Bir ingiliz asıllı yazarın başından geçen çocukluk travmasıdır.
iş bu yazım tamamen kendi hayatım ve geçmişim ile alakalıdır.
Babam iş gereği 15 yıl boyunca türkiye de çalışmak zorunda kaldı. Ailem bilindiği üzere ingiliz asıllı herşey taşındıktan sonra bir devlet okuluna yazılmam ile başladı.
Annem ne kadar da özel eğitim yanlısı olsada babam türkçe yi öğrenmem için ısrarla devlet okuluna yazdırmış.
Gel zaman git zaman türkçe yi öğrenirken bir sabah okul bahçesinde bir "ingiliz" için o lanetli sayılabilecek cümleleri ağzımdan dökülürken kanım donmuştu.
"Türk um doğruyum" asilzade atalarım bu topraklara insanlık getirmek adına savaş vermiş,can vermişken ben
türkler tarafından asimile edilmeye yüz tutmuş o kan donduran sözleri söylüyordum.

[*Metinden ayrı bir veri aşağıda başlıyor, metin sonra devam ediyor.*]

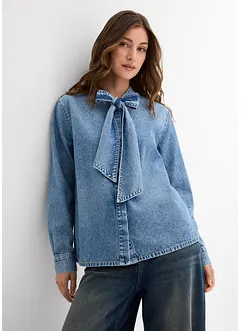 Spijkerblouse met strik, bonprix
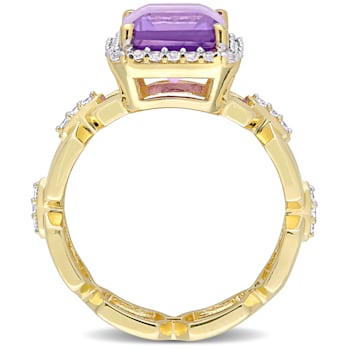 3 1/2 CT TGW  Multi-Gemstones and Diamond Accent Link Ring in Yellow
Plated Sterling Silver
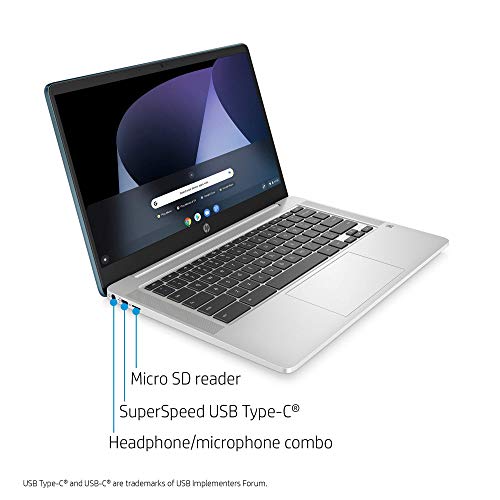 Image of HP Chromebook 14-inch FHD Laptop, Intel Celeron N4000, 4 GB RAM, 32 GB eMMC, Chrome (14a-na0090nr, Forest Teal) (Renewed)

O anda, farkına vardığımda o kadar utandim ki o sabah ağlayarak eve koştuğumu unutumam.
Bir türk için ne kadar bu sözler onure edici olsada (ki kesinlikle değil) bir ingiliz keza bir kürt içinde travmatik bir olay silsilesinden öte hiçbirşey değil.
Artık gündeminize cizre,sur a bakınca anlıyorum ki bu topraklarınıza özgürlük gelecek.